Il giro della provincia di Malanje non sarebbe completo senza un passaggio alle Pietre nere (in realtà sono grigie) di Pungo Andongo, a novanta chilometri da Calandula. Queste formazioni rocciose monolitiche emergono dalla savana e sono una meta turistica interessante per la loro particolarità, per il panorama (sempre che abbiate il coraggio di arrampicarvi su per la scalinata che porta in cima) e perché secondo la leggenda questo era il territorio del regno di Ndongo. Scolpite nella roccia, si possono ammirare le impronte della famosa regina Ginga, attrazione adeguatamente segnalata e protetta.

Rovina e riscatto

La Pousada de Calandula ha tredici camere. All’ingresso, una targa ricorda che la struttura è stata inaugurata dal ministro del turismo dell’Angola il 12 agosto 2017. Ma quella non è stata la prima inaugurazione di questo albergo affascinante, incastonato nella foresta davanti alle cascate. Più avanti, infatti, un’altra targa datata 1972 segnala la visita del governatore generale dell’Angola, dimostrando che l’hotel ha avuto una vita prima di cadere in rovina ed essere riscattato dall’imprenditore luso-angolano Francisco Faísca.

La Pousada de Calandula risale al 1956, ma si sa poco della sua storia. Non è difficile immaginare che nel periodo coloniale abbia accolto dignitari del regime e funzionari pubblici, oltre a commercianti, militari e qualche avventuriero.
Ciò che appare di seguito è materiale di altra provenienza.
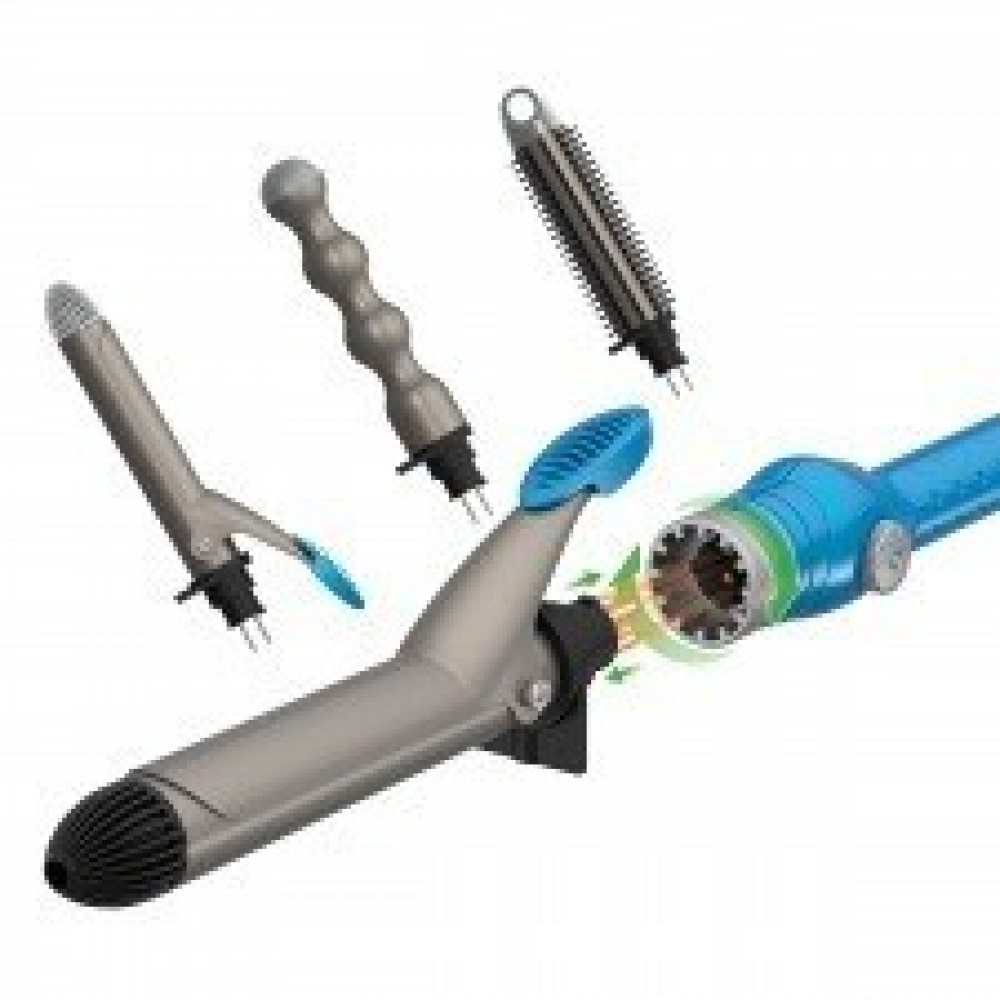 Babylisspro™ Nano Titanium™ 3-in-1 Lock ‘n Style Convertible Styler #babnt3in1 Babylisspro™ Nano Titanium™ 3-in-1 Lock ‘n Style Convertible Styler #babnt3in1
Dopo l’indipendenza, la provincia di Malanje fu tra quelle più colpite dai combattimenti della guerra civile. L’albergo fu abbandonato e rapidamente invaso dalla foresta.

Nel 2016 Faísca ha visitato le cascate per la prima volta, e si è fatto strada a fatica tra la vegetazione fino all’edificio, dove crescevano alberi anche tra le pareti. L’imprenditore era stato invitato dal governatore della provincia, che aveva conosciuto pochi giorni prima a un congresso sul turismo organizzato alle cascate Vittoria, in Zambia. In quell’occasione il politico gli aveva lanciato una strana sfida: recuperare la Pousada de Calandula e rimetterla al servizio del turismo, dato che non esisteva più una struttura per accogliere i visitatori delle cascate. “Ho scattato foto, ho fatto alcune valutazioni, ho scritto un po’ di appunti e sono tornato a Luanda”, racconta Faísca. Non è stato difficile capire che il progetto era praticamente impossibile. La cifra necessaria per ristrutturare i tre piani dell’edificio superava i 3,5 milioni di euro. Solo per recuperare l’investimento ci sarebbero voluti cinquant’anni. “Il governatore era contrariato, perché in molti gli avevano già detto di no. Ma con me ha insistito”, continua.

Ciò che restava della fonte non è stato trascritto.